It's not dishonest, it's literally your exact quote, copy and pasted in whole,
verbatim. Your "evidence of illegal activity comment" is written later in the
post, and I didn't respond to it because it's completely irrelevant. You
stated those things are illegal. I explained that they're not and asked you to
point to some evidence that they are. The fact that you are now saying they're
"evidence of illegal activity" is just you moving the goalpoasts.

 _Anything_ can be considered "evidence of illegal activity" _IF_ it
implicates one in a crime. Using your reasoning, a bloody knife is illegal
because it's "evidence of illegal activity". Well... no, it could just as
easily be evidence that I cut myself making dinner, so there is no reason for
you to bring that up except to shoehorn my examples into the category of
illegal activity even though they aren't actually illegal.

> _if that was done without permission... if that information was obtained
> illegally... If the contents were recorded from a private conversation in a
> home here in California..._

So only IF you qualify everything I wrote with examples I didn't use which are
_actually_ illegal.

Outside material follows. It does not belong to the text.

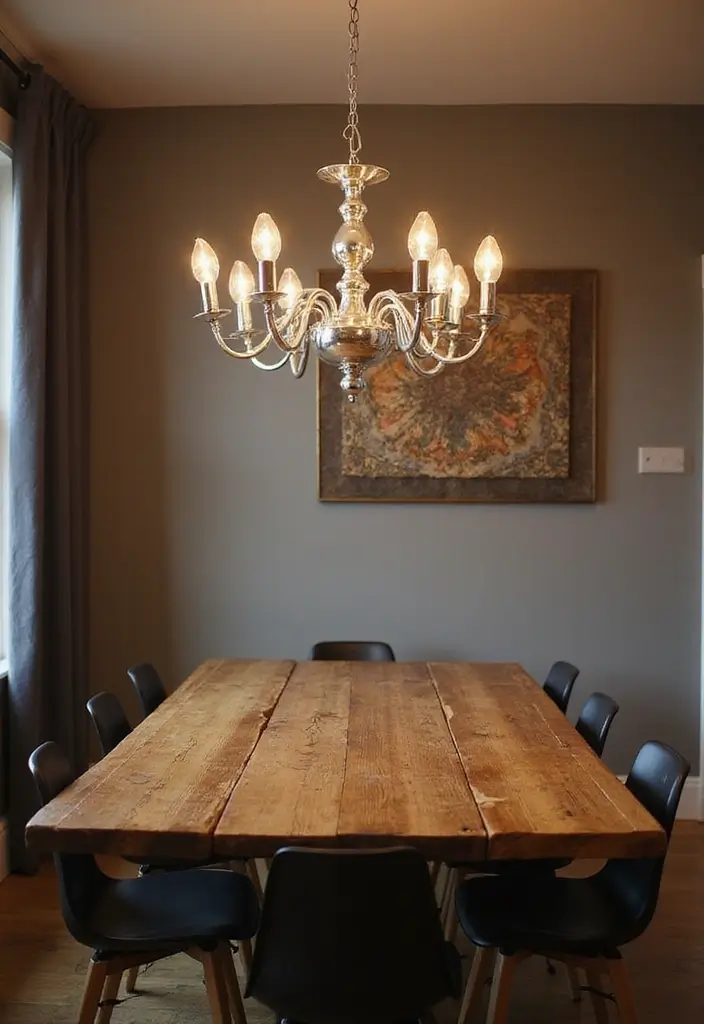 28 Silver and Wood Living Room Decor Ideas for Elegant Contrast 8 28 Silver and Wood Living Room Decor Ideas for Elegant Contrast - 2. Silver Light Fixtures Over Wooden Tables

You've got some balls to lecture others on dishonest
argumentation when you can't even honestly tackle the argument as I wrote it.
Unless you decide to post some links to laws showing that those examples are
illegal, I am just going to move on from this part of the discussion because
you're objectively wrong here. They're NOT illegal.

> _The following two aren 't illegal, but they're just morally reprehensible
> in a way which even transcends ideology_

So are you suggesting that things you deem as morally reprehensible should be
exempt from your "principle of Free Speech?"

You also did not answer my question about whether or not it is "ethically
wrong" to delete comments from your personal blog.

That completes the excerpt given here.